(Short web captions)
::::::::::

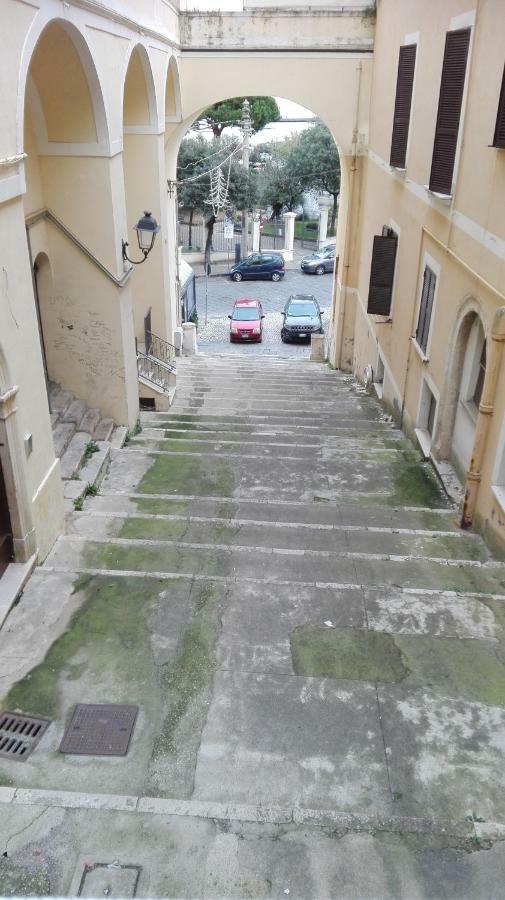 Little Art House Appartement Gaeta Buitenkant foto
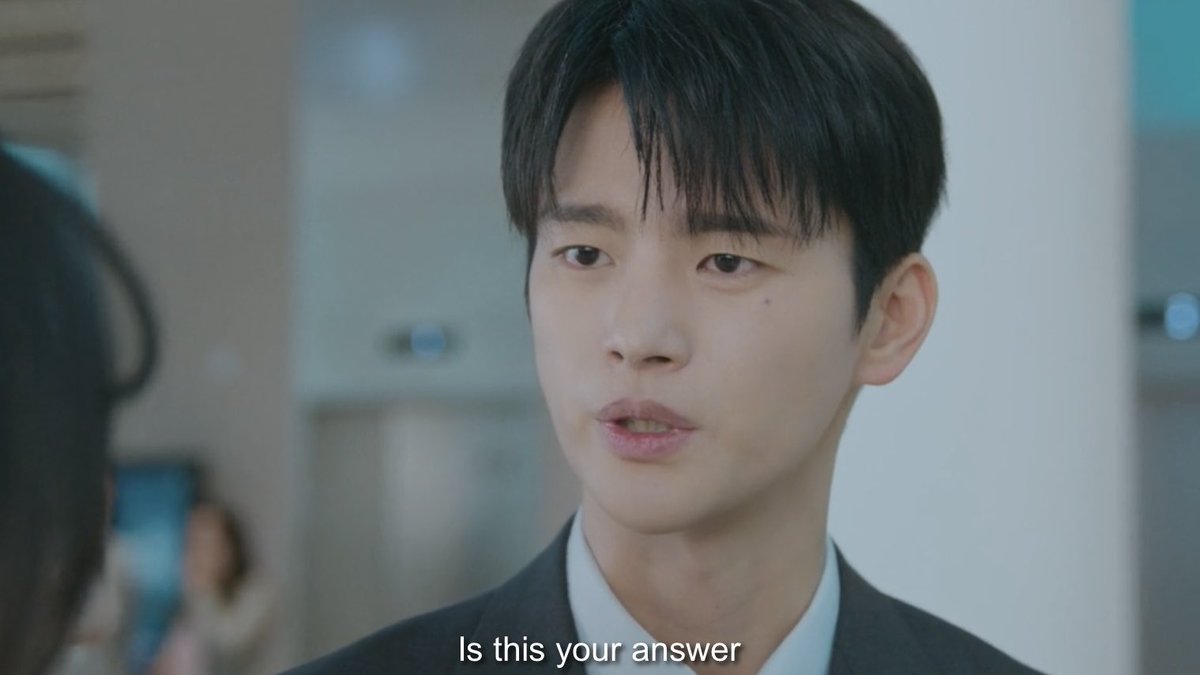 whataeverrr's tweet photo. *stood against all odds for his sake, publicly 🤝 at work*

👦🏻:is this your answer to my marriage proposal?

👩🏻:yes.

me: 🚶🏻‍♀️👩🏻‍🦯👩🏻‍🦽🧎🏻‍♀️.

#SeeYouAtWorkTomorrowEp10 #내일도출근
#SeeYouAtWorkTomorrow https://t.co/mjlXbNiYRA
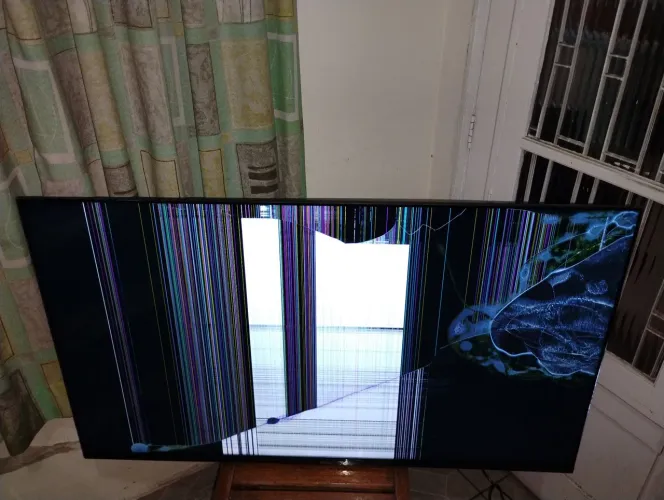 TV LED SMart Philco 4K 50 polegadas Modelo PTV50G10AG115K Defeito Tela trincada Ligando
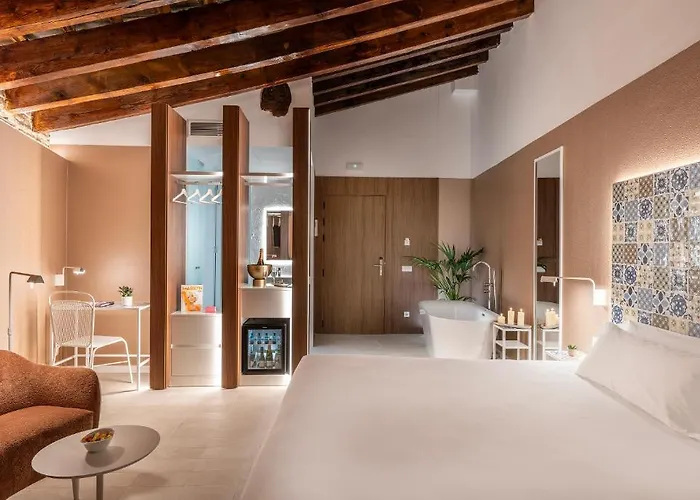 Hotel Axel Valencia - Adults Only 4*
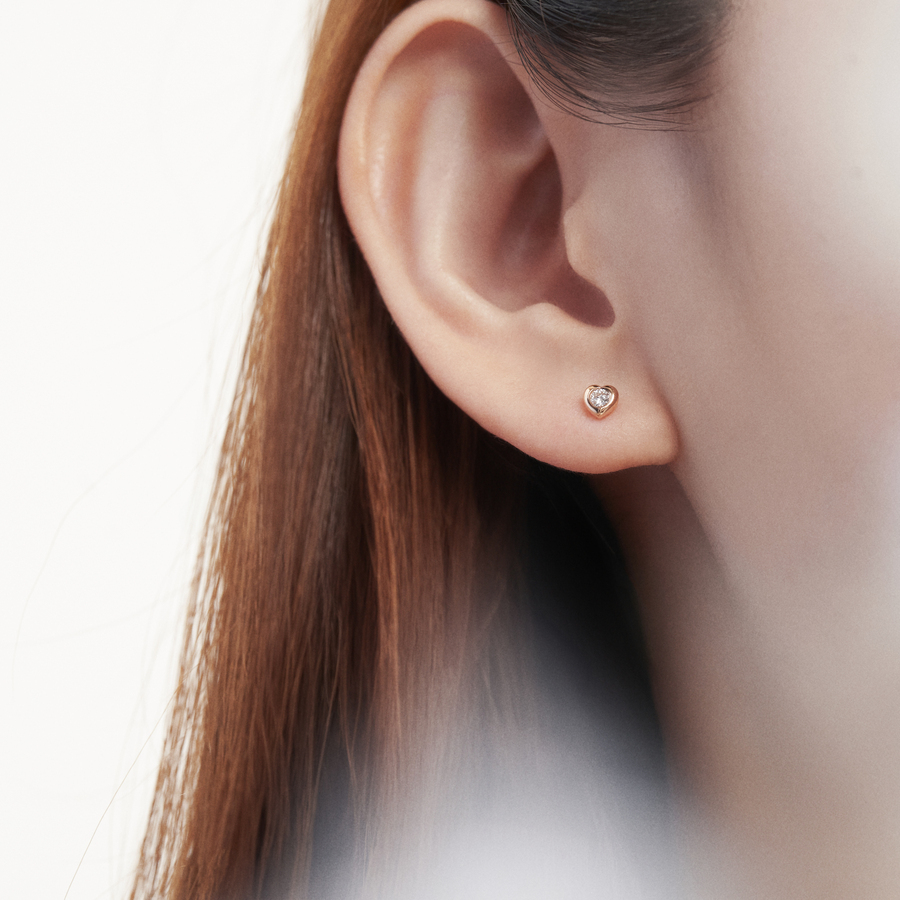 環抱系列 | 心形設計鑽石耳環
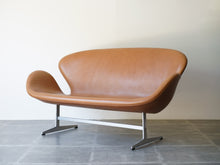 画像をギャラリービューアに読み込む, Arne Jacobsen(アルネ・ヤコブセン)のスワンソファ3321斜め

::::::::::

> [How to complete this task] Retype only the lines from the one with "#SeeYouAtWorkTomorrowEp10 #내일도출근" through the final line of the entries, please, and keep the pictures out.

> [Task solution]
#SeeYouAtWorkTomorrowEp10 #내일도출근
#SeeYouAtWorkTomorrow https://t.co/mjlXbNiYRA
 TV LED SMart Philco 4K 50 polegadas Modelo PTV50G10AG115K Defeito Tela trincada Ligando
 Hotel Axel Valencia - Adults Only 4*
 環抱系列 | 心形設計鑽石耳環
 画像をギャラリービューアに読み込む, Arne Jacobsen(アルネ・ヤコブセン)のスワンソファ3321斜め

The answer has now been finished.